17 abril 2012

Omissão do Groupon sobre qualidade de controles é legal

Eis um fato desestabilizador para qualquer pessoa que pensa em algum dia comprar ações numa empresa que acaba de abrir seu capital: mesmo quando seus executivos sabem que seus sistemas contábeis internos estão em frangalhos, eles não têm obrigação de revelar esse fato antes de a empresa negociar suas ações em bolsa.

Essa é uma lição que os acionistas do Groupon aprenderam a duras penas. Os papéis da empresa chegaram a cair 17% no começo do mês, depois de a empresa de compras coletivas on-line ter identificado uma "deficiência significativa" em seus controles internos sobre o balanço de 31 de dezembro. A empresa revisou, além disso, seus resultados do quarto trimestre, que passaram a exibir uma receita mais baixa e um prejuízo maior, depois de encontrar erros em sua contabilidade de reembolsos aos clientes.

Será que o Groupon não sabia, antes de sua oferta pública inicial (IPO), em novembro, da fragilidade de seus controles? Paul Taaffe, porta-voz da empresa, preferiu não comentar. Mas vamos supor que seus executivos efetivamente soubessem. Mesmo assim, eles não tinham de informar os investidores de antemão.

Isso por que não há qualquer exigência de revelar a fragilidade dos controles no prospecto do IPO de uma empresa. O Groupon não tinha qualquer obrigação de expor o problema antes de encaminhar sua primeira demonstração de resultados trimestral ou anual como empresa com ações negociadas em bolsa - que foi o que fez. Ludibriar dessa maneira os investidores em IPOs é perfeitamente legal, ao que se constata.

O motivo disso é a grande lacuna da Lei Sarbanes-Oxley. Ela tem dois principais artigos referentes aos controles internos das empresas, que são os sistemas e processos que as empresas devem ter para garantir que as informações que divulgam são precisas. Essas cláusulas são válidas apenas para empresas abertas, não para as que se registraram para realizar IPOs.

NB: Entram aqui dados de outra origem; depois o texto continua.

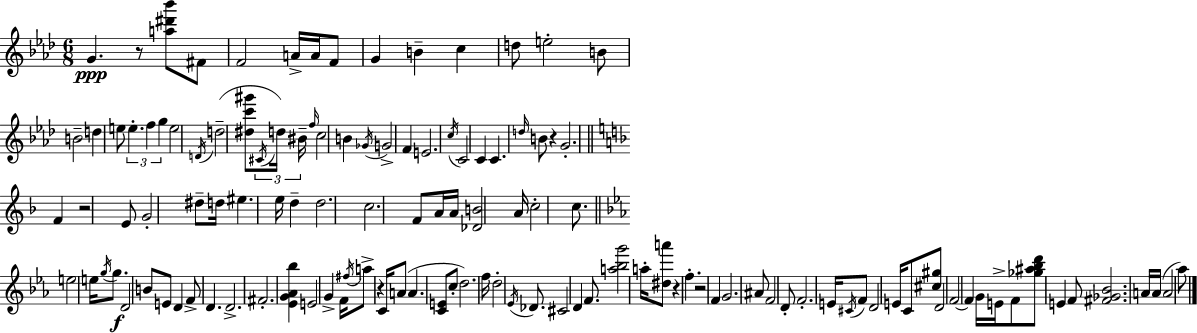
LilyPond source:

{
  \clef treble
  \numericTimeSignature
  \time 6/8
  \key aes \major
  g'4.\ppp r8 <a'' dis''' bes'''>8 fis'8 | f'2 a'16-> a'16 f'8 | g'4 b'4-- c''4 | d''8 e''2-. b'8 | \break b'2-- d''4 | e''8 \tuplet 3/2 { e''4.-. f''4 | g''4 } e''2 | \acciaccatura { d'16 } d''2--( <dis'' c''' gis'''>8 \tuplet 3/2 { \acciaccatura { cis'16 }) | \break d''16 bis'16-- } \grace { f''16 } c''2 b'4 | \acciaccatura { ges'16 } g'2-> | f'4 e'2. | \acciaccatura { c''16 } c'2 | \break c'4 c'4. \grace { d''16 } | b'8 r4 g'2.-. | \bar "||" \break \key d \minor f'4 r2 | e'8 g'2-. dis''8-- | d''16 eis''4. e''16 d''4-- | d''2. | \break c''2. | f'8 a'16 a'16 <des' b'>2 | a'16 c''2-. c''8. | \bar "||" \break \key ees \major e''2 e''16 \acciaccatura { g''16 }\f g''8. | d'2 b'8 e'8 | d'4 f'8-> d'4. | d'2.-> | \break fis'2.-. | <ees' g' aes' bes''>4 e'2 | g'4-> f'16 \acciaccatura { fis''16 } a''8-> r4 | c'16 a'8( a'4. <c' e'>8 | \break c''8-. d''2.) | f''16 d''2-. \acciaccatura { ees'16 } | des'8. cis'2 d'4 | f'8. <a'' bes'' g'''>2 | \break a''16-. <dis'' a'''>8 r4 f''4.-. | r2 f'4 | g'2. | ais'8 f'2 | \break d'8-. f'2.-. | e'16 \acciaccatura { cis'16 } f'8 d'2 | e'16 c'8 <cis'' gis''>8 d'2 | f'2~~ | \break f'4 g'16 e'16-> f'8 <ges'' ais'' bes'' d'''>8 e'4 | f'8 <fis' ges' bes'>2. | a'16 a'16( a'2 | aes''8) \bar "|."
}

O prospecto do Groupon advertiu serem possíveis futuras notificações sobre fragilidades de controle. A empresa disse também ter "apenas recentemente preenchido uma série de cargos na equipe de alta direção e nos quadros financeiro e contábil". Mas não faz menção ao fato de os controles do Groupon serem ou não eficientes na época. Isso não é exigido.

Uma porta-voz da SEC, Judith Burns, confirmou: "Não há exigência de divulgar uma fragilidade significativa no prospecto." Ela falava de maneira geral, e não de qualquer empresa específica.

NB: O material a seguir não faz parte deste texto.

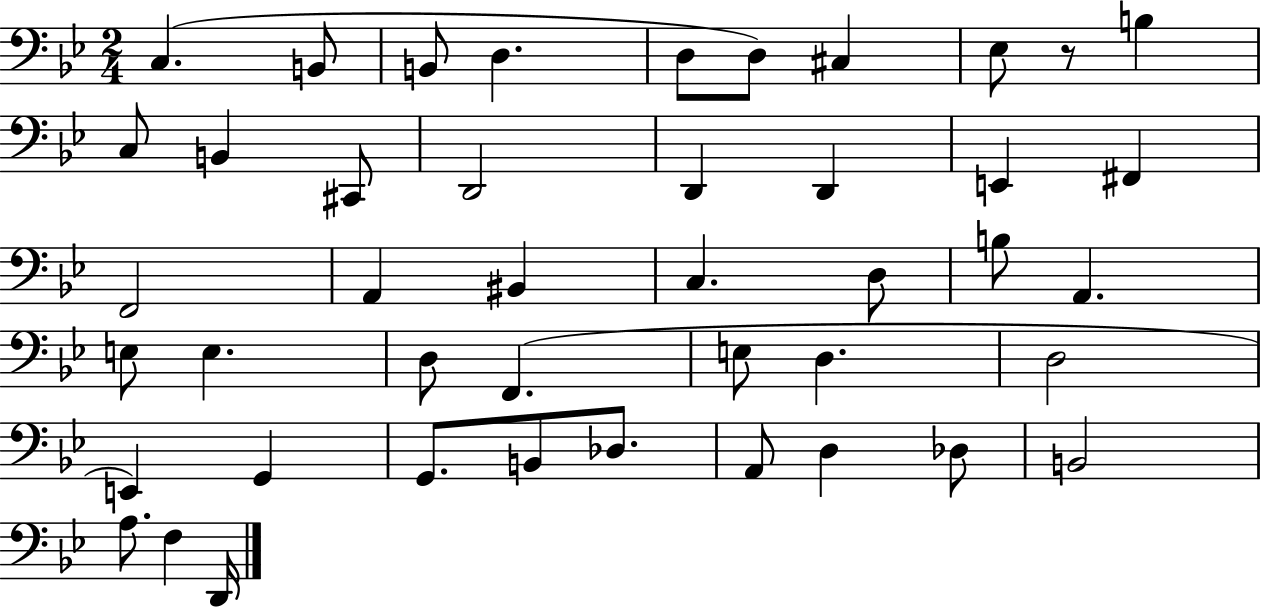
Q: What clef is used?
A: bass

Mas é preciso reconhecer os méritos a quem de direito: dois autores de artigos que chegaram à conclusão perfeita sobre o Groupon foram Anthony Catanack, professor de contabilidade da Universidade Villanova, e Edward Ketz, professor de contabilidade da Universidade Estadual da Pensilvânia.

"É totalmente absurdo pensar que o Groupon esteja, em algum ponto, próximo de ter um conjunto eficiente de controles internos sobre a demonstração financeira, após ter feito 17 aquisições em pouco mais de um ano", escreveu a dupla em artigo publicado em 24 de agosto em seu blog, o Grumpy Old Accountants. "Quando uma empresa se expande para 45 países, amplia os comerciantes conveniados de 212 para 78.466 e aumenta sua base de funcionários de 37 para 9.625 em apenas dois anos, não há dúvida de que os controles internos, em algum lugar, não estão funcionando."

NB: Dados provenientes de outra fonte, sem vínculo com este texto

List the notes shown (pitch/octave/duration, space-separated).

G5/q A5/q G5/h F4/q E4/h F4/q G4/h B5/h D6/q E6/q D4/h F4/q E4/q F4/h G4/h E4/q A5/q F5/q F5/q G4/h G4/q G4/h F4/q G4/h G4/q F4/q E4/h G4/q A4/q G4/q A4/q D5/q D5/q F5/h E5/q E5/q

Mesmo antes de abrir seu capital, o Groupon reapresentou seu balanço em setembro para corrigir os erros de reconhecimento de receita -operação que reduziu as vendas de 2010 de US$ 713 milhões para US$ 313 milhões. Isso, por si só, deveria ter sinalizado para os investidores a ausência de controles do Groupon. No entanto, o mercado se comportou como se estivesse surpreso.

O fiasco do Groupon, compreensivelmente, estimulou comparações com a nova legislação de valores mobiliários que o presidente dos EUA, Barack Obama, sancionou em lei. A regra permite que empresas que recentemente abriram seu capital passem cinco anos sem fornecer relatórios sobre os controles internos formulados por auditores externos, desde que sua receita anual seja inferior a US$ 1 bilhão (O Groupon teve receita de US$ 1,6 bilhão em 2011).

A nova legislação reduz as obrigações de divulgação de outras maneiras. A correspondência pré-IPO entre as empresas e a equipe da SEC será inicialmente classificada como secreta, por exemplo. A lei é um desvio na direção oposta ao que se necessita.

Não nos enganemos, no entanto. As proteções vigentes para os investidores em IPOs eram tímidas antes da nova lei. O caso do Groupon é apenas a mais recente evidência. Existe apenas uma solução para investidores que não são especialistas: nunca compre ações de uma empresa que acaba de abrir seu capital. Por Jonathan Weil da Bloomberg News.